John Artis, o homem que foi sentenciado injustamente junto ao pugilista Rubin “Hurricane” Carter por triplo homicídio, morreu aos 75 anos.

Segundo o portal The Guardian, Artis morreu no dia 7 de novembro depois de aneurisma de aorta abdominal, em sua residência, em Hampton, Virginia. A informação foi confirmada por Fred Hogan, colega de longa data de Artis e Carter.

Hogan afirmou que Artis era o “homem esquecido” no caso. Ele ainda afirmou que Carter costumava invocar Artis de seu “herói” pois recusou uma oferta de redução de pena, que comprometeria o pugilista.

A história da dupla inspirou obras como o filme “O furacão” (1999), com Denzel Washington, e “Hurricane” (1975), uma das canções mais famosas e aclamadas de Bob Dylan.

Artis e Carter foram condenados injustamente em 1966 por homicídio em um caso que aconteceu em um bar em Nova Jersey.

Na ocasião, testemunhas disseram que as vítimas, que eram brancas, foram mortas por dois negros.
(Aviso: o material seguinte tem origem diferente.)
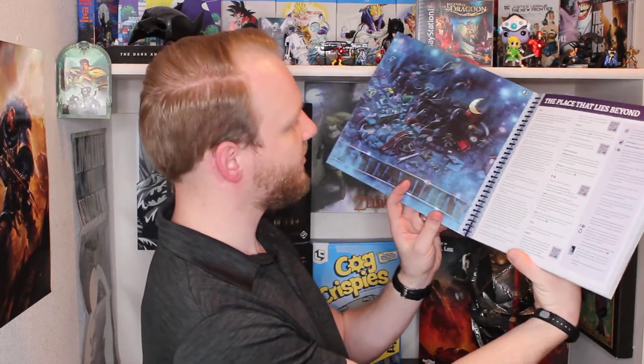It looks like just one cardboard tray of stuff here. This is the big storybook — this is thicker than I thought it was. This is interesting because this actually is the board game. Some good art — it's got stories, and that is where you're going to play. The Crawling Dread, and then this one is The Place That Lies Beyond. I'm very excited to look into that. Nice thick pages too, very cool.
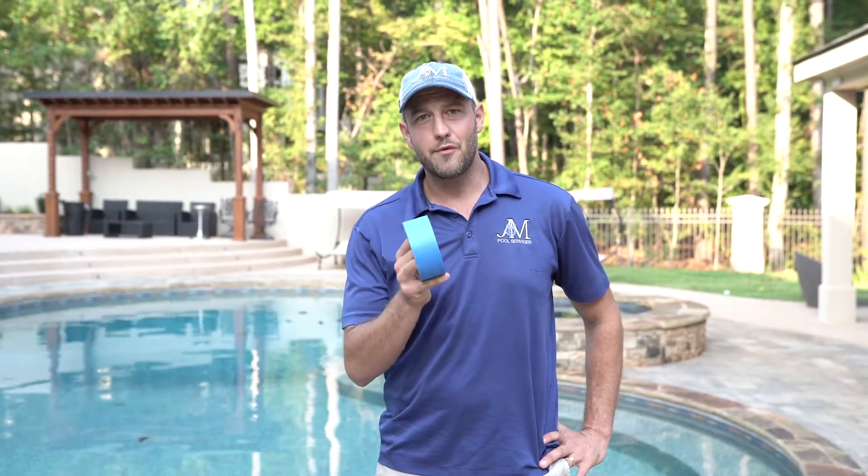Hi, I'm Jacob Duran, owner of J&M Pool Company, and today I want to solve your leak problems. So if you think you have a leak in your pool, what we need to do is find out for sure if you do. The way we do this is with a bucket test.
Artis e Carter foram sentenciados a prisão perpétua por um júri formado exclusivamente por brancos.

Carter teve sua pena revogada em 1985. Artis teve sua liberdade condicional anunciada quatro anos antes.

Os dois se mantiveram grandes amigos até a morte do pugilista em 2014.
Segundo o New York Times, Artis aconselhou presidiários no centro de detenção juvenil de Norfolk e trabalhou de forma voluntária em casos de pena injustas nos EUA e Canadá.